Shannon from Head Office and Maddi sitting with dog treats

Raw Food: Trend or Trustworthy?

You may have heard all about the latest craze in feeding our cats and dogs – the raw food diet. But what is it, why are people going nuts for it, and is it worth the hype? Let’s take a look.

The Diet

The concept of a raw diet is just as it sounds: feeding pets raw, natural foods like meat, bones, fruit, and vegetables, rather than processed pet food which contains cooked meat, and may contain carbohydrates, sugars, and other additives.

Methods and products vary from simply buying our pet’s meat along with ours at the supermarket, to buying commercially produced pet-friendly raw meat or raw meat chunks and nuggets, which are usually a combination of raw meat and fresh vegetables.

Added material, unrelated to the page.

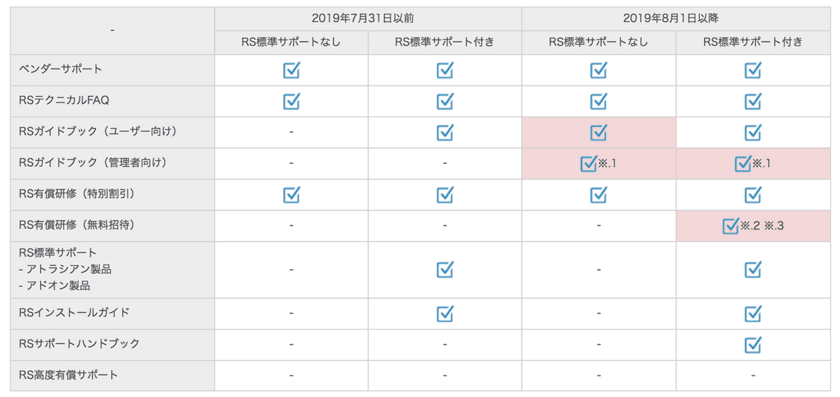 リックソフト ライセンス販売に関するサービス特典を拡充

Either way, the focus is on feeding pets 100% fresh, natural, uncooked food.

The Benefits

Companies promoting this diet list many benefits, including:

  • Better, more consistent energy levels
  • More energy in older dogs
  • Strengthened immune system
  • Reduced joint and inflammatory issues
  • Reduced likelihood of developing allergies
  • Improved dental health
  • Improved digestive health
  • Less, smaller, and firmer faeces
  • Less smelly flatulence
  • Healthier, shinier coats

On paper, these benefits make sense. After all, dogs and cats are carnivores, and wild cats and dogs survive perfectly well on raw food. But are there any drawbacks?

The Issues


The main issue seems to be achieving balance. Manufactured pet food is designed to give pets all the nutrients they need, in the right proportion. When we take on the responsibility of tackling this balancing act ourselves, there is potential for us to get it wrong, which can have serious health ramifications for our pets.

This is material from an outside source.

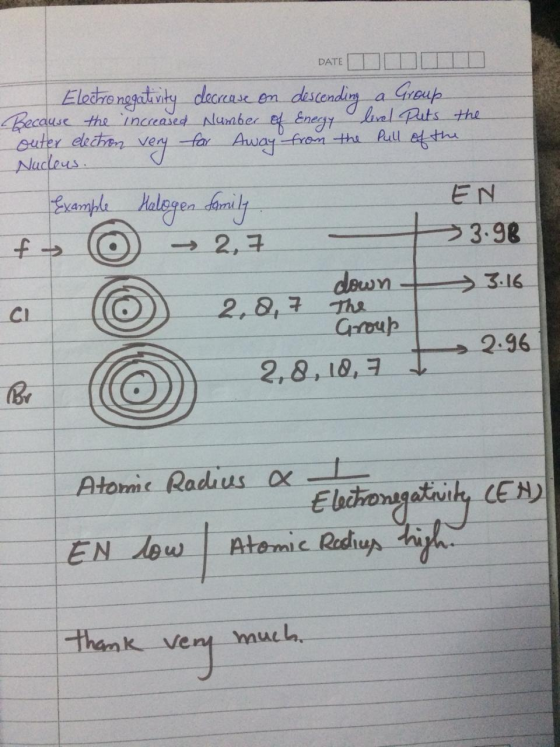 DATE DATE DDID Electronegativity decrease on descending a Group Because the increased Number of Energy level puts the outer e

Primarily, pets not receiving enough calcium and phosphorous or eating too much Vitamin A seem to be easy mistakes. These could respectively lead to weakened bone health and Vitamin A toxicity.

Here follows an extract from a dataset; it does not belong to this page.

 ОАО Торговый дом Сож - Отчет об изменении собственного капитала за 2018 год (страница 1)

However, it appears that many raw food sellers are willing to tackle this for us. Plenty of companies offer the option of creating a customised balanced diet based on your pet’s breed, weight, and age.


What about cost? As you may have expected, this diet seems to cost more than wet or dry pet food, especially considering that all of the food is fresh and uncooked. To get some specifics for you, I made some comparisons between raw food websites Bella & Duke and Natures Menu, and our products. Here are some examples:

Natures Menu’s Lamb with Chicken Dinner Raw Food Product costs £1.35 per 300g, which is £54.00 per 12kg. Our dry dog food Delicious Duck is £44.99.
For a Labrador (average weight 32kg, average daily consumption 800g), Bella & Duke estimate a daily cost of £3.33. Our Luscious Lamb Dry Food costs £2.99 for 800g (based on a 12kg bag).

So far, the difference is there but isn’t drastic. What about cat food?

Natures Menu’s Chicken with Salmon and Tuna costs £40.29 for 4.8kg. Our grain-free Salmon & Sweet Potato dry food would cost £29.43 for the same quantity.

Clearly it is a little pricier. Convenience is also a consideration, as the fresh food will have earlier expiry dates than wet and dry food, and may take up lots of space in our fridges and freezers (which are never big enough are they!).

Health Considerations

As with all diets, owners of pets with health conditions are cautioned to be especially careful if choosing the raw food diet, as it may not be suitable for them. For example, raw food diets are usually high in protein, which isn’t recommended for pets with kidney or liver disease and/or failure.

Puppies and kittens also will suffer more than adults if their calcium needs are not met by their diets. As they are still growing, not having enough calcium could seriously impact their development, so be especially aware of providing sufficient amounts for them if using the raw food diet.

Finally, be aware of the risk of raw meat contamination. If your pet is eating a raw food diet, take extra care to keep them clean so you and your family don’t become ill; their mouth and even their faeces may carry bacteria from raw meats that are harmful to us.

What’s the Verdict?

Overall, this diet seems to have some real benefits if done well. However, the extra effort, space, and cost are understandably not for everyone, and it can easily be done incorrectly which will harm pets’ health and happiness.